But a recent study from the brainy folks at PLOS suggests that not only are humans superficial and shallow, but we're also easily manipulated (SURPRISE!). So what did we do to deserve such labels this time? Well, to date, face research has been mostly focused on what we might call natural beauty - face shape, size, symmetry, configuration, and movement of facial features - but until the PLOS team recently took it on, scientists hadn't actually ventured into how grooming, styling, and makeup affected how we judge our proverbial book covers. Oh, science. You so crazy.
For humans, clothes, makeup, scents, etc. serve as our version of "signaling," essentially the equivalent of a peacock's fanned-out tail feathers or a baboon's big swollen red butt. For the purposes of this study, the focus was the use of colored cosmetics, and the results were staggering … so you can only imagine what hair style, jewelry, and clothes might add to the equation.
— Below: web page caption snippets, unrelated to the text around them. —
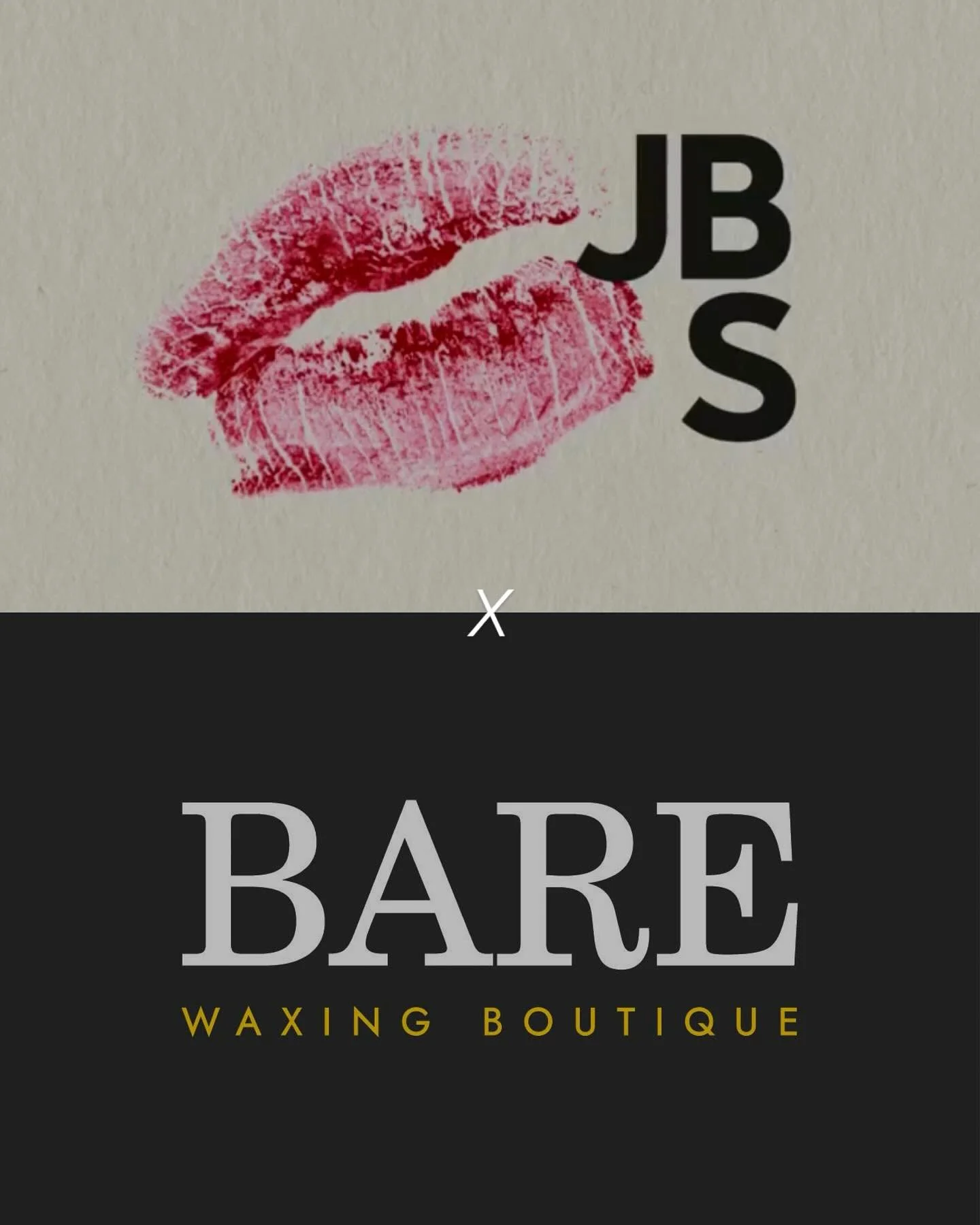 🎄The JBS Holiday Luxe Giveaway🎄

JBS x Bare: Your Signature Glo Moment

Two ways to glow this season&hellip; ✨
One lucky winner will receive:

✨ A rejuvenating Signature Glo2Facial with Bare Waxing Boutique &mdash; a next-gen, 3-step treatment that
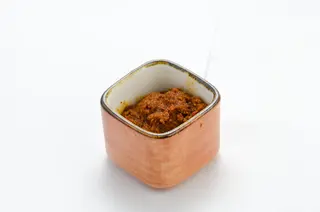 აჯიკა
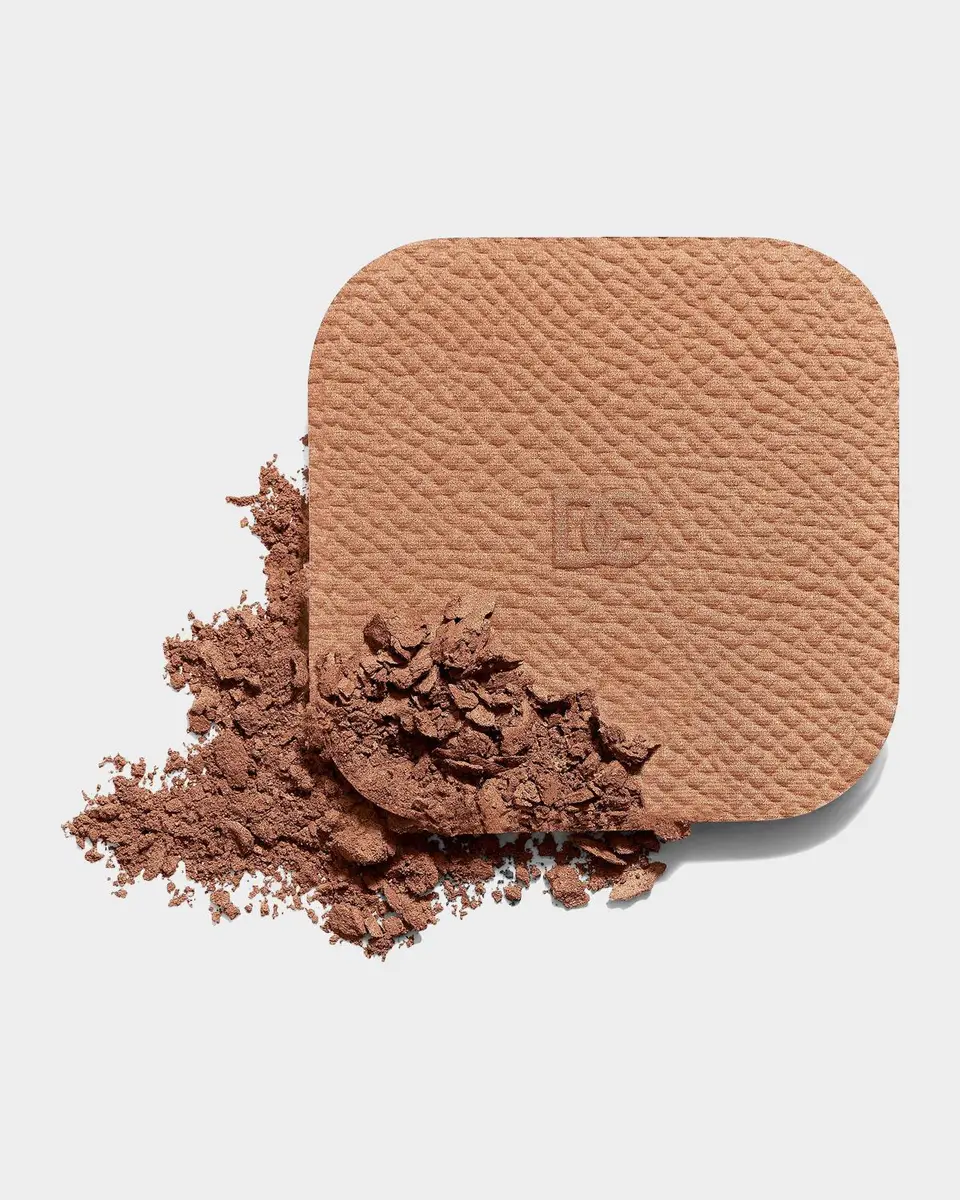 Dolce & Gabbana Beauty Face & amp;Eyes Match | Thumbnail 2 Dolce & Gabbana Beauty Face & amp;Eyes Match | Thumbnail 2
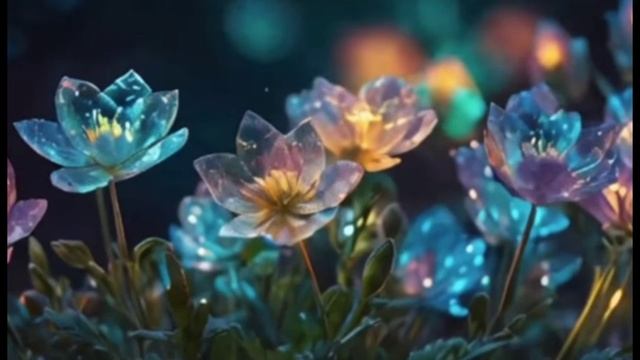 Done, done, done, done with the bull-s! смотреть онлайн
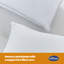 Silentnight Firm Support Pillows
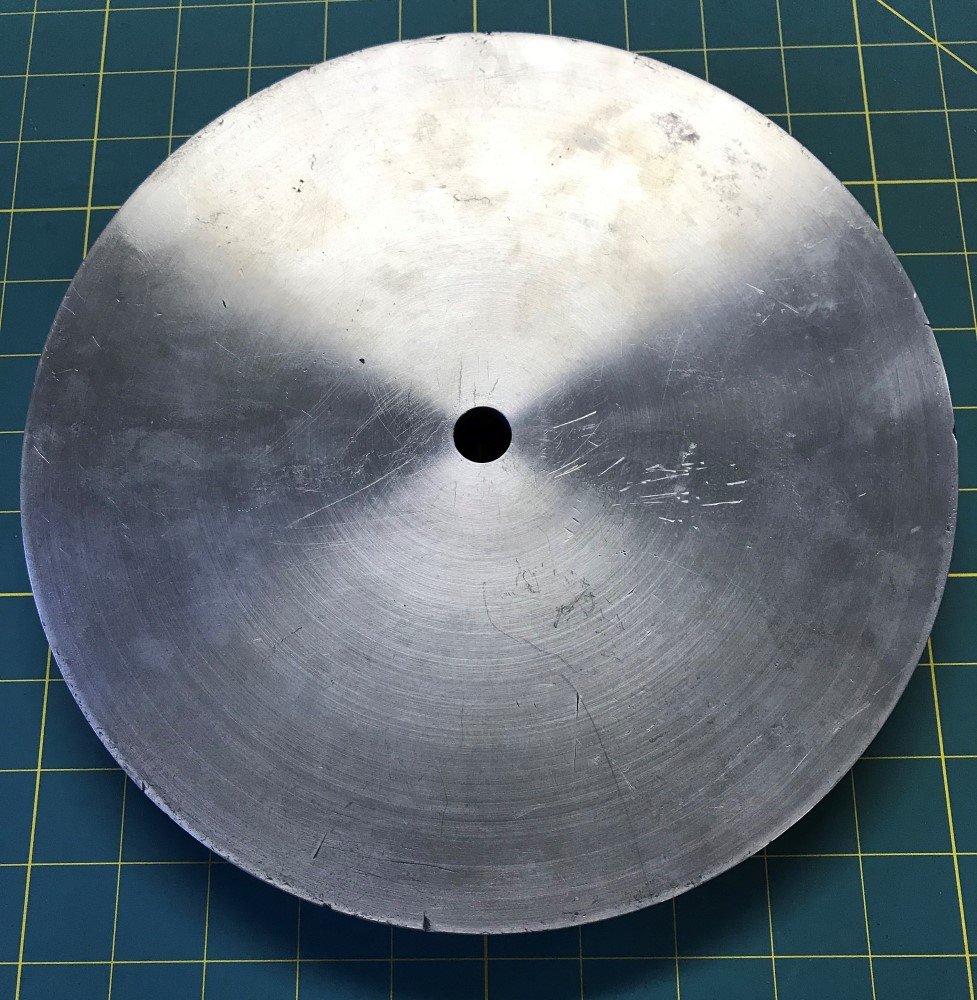 501223 10 inch Sanding Disk face.jpg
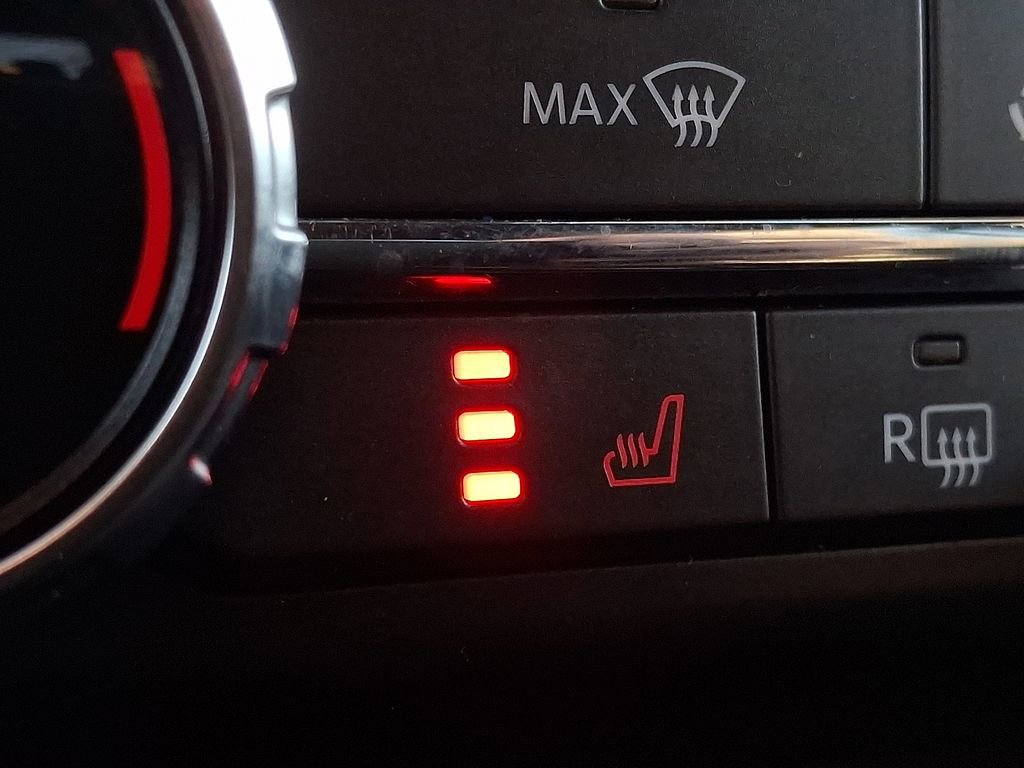 Used 2022 Ford F150 XLT w/ Equipment Group 302A High image 23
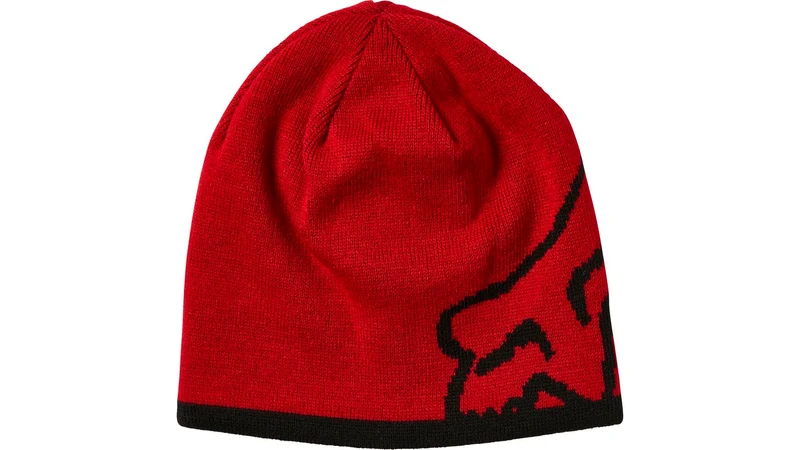 Fox Streamliner Beanie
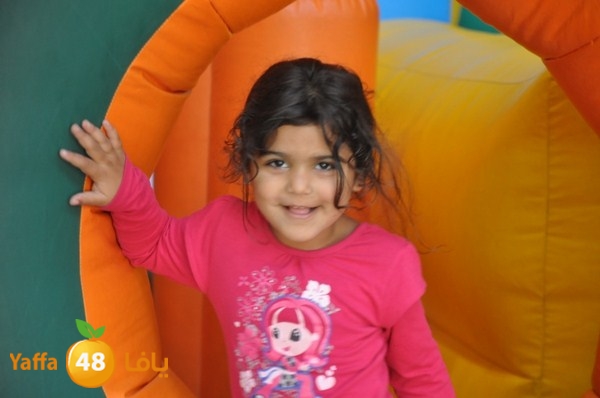 jamaheryeiu[ (23).JPG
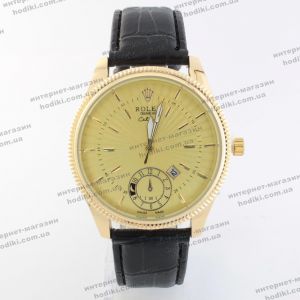 Наручний годинник Rolex (код 19922)
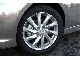 2011 Mazda  6 Combi 2.2 liter MZR-CD Edition125 * Leather / RVM * Estate Car Demonstration Vehicle photo 6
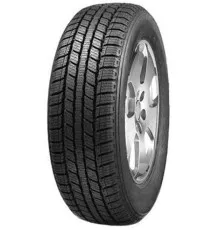 Minerva S110 Ice Plus 195/75 R16C 107/105R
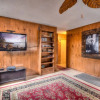Отель Rocky Refuge, фото 20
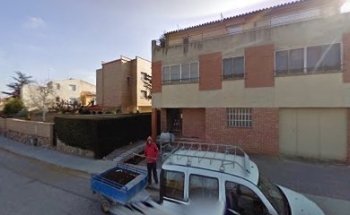 Funeraria Elena Martínez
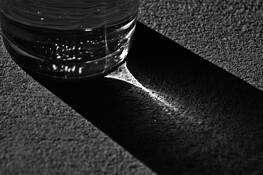 Sun_shadows_8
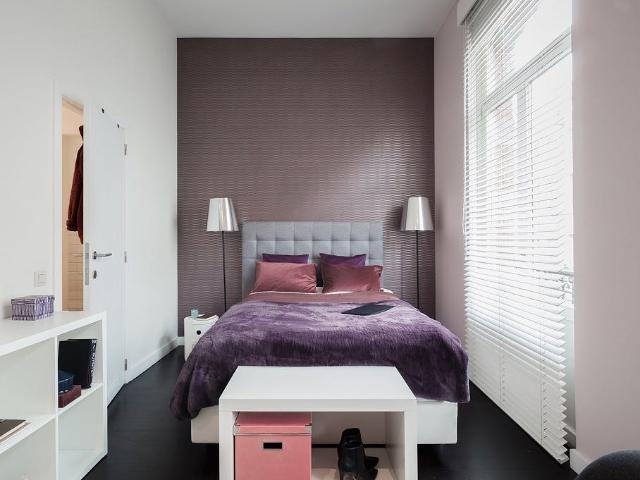 Appartement Saint Gilles 1060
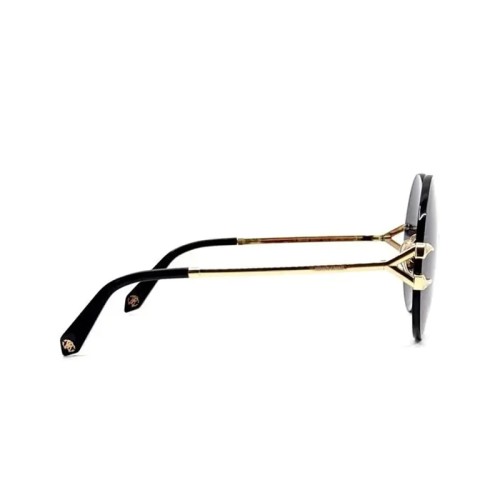 Roberto Cavalli - Napszemüvegek - SRC006 - 0300 - 63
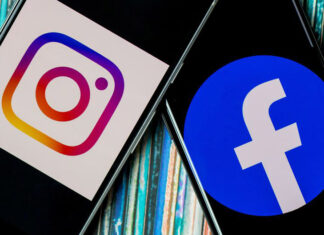Rusia prohíbe uso de Instagram y Facebook Rusia prohibió las redes sociales Facebook e Instagram por considerar que realizaban actividades "extremistas". Foto: Especial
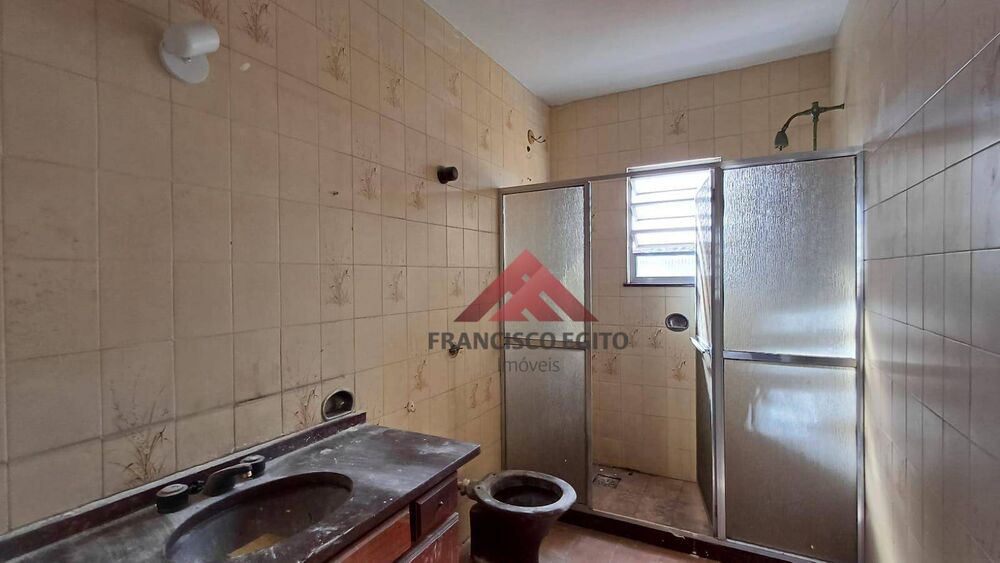 Casa, 3 quartos, 130 m² - Foto 11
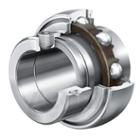 GE35-XL-KTT-B,  INA,  Radial insert ball bearing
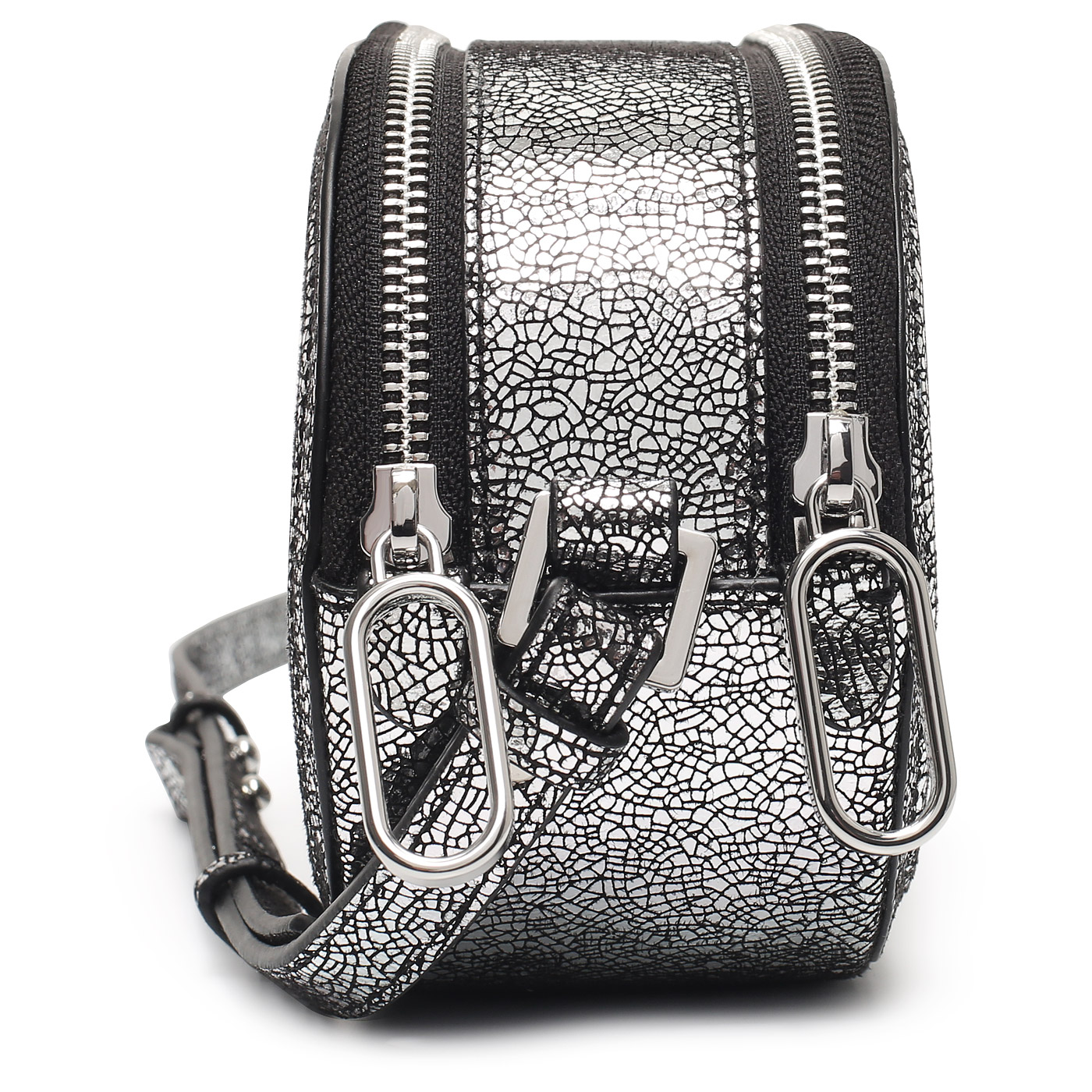 Сумка через плечо Karl Lagerfeld Jeans Essential Logo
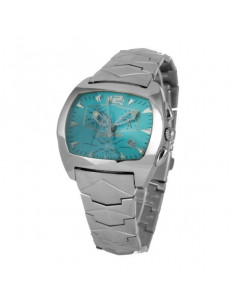 Reloj Hombre Chronotech...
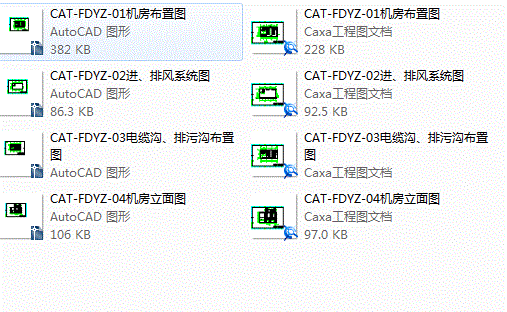 CAT1600KWl늙CMl늙Cb̈DdwgexbɷNʽďD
What does your makeup say about you? And more importantly, how can you now manipulate science to your advantage and get people to give you what you want?
Here's the skinny: adult men and women were shown images of female models ages 20-50 in various states of makeup. They were permitted to view the images for either 250 milliseconds for a snap judgement, or for an unlimited amounts of time for inspection. On a quick look, cosmetics has a "significant positive effect on all outcomes." When allowed to take a longer look, makeup still heavily affected whether models were deemed competent or attractive, but likeability and trust were impacted more on longer inspection. What does it all mean? In short, your makeup is speaking volumes before you open your mouth.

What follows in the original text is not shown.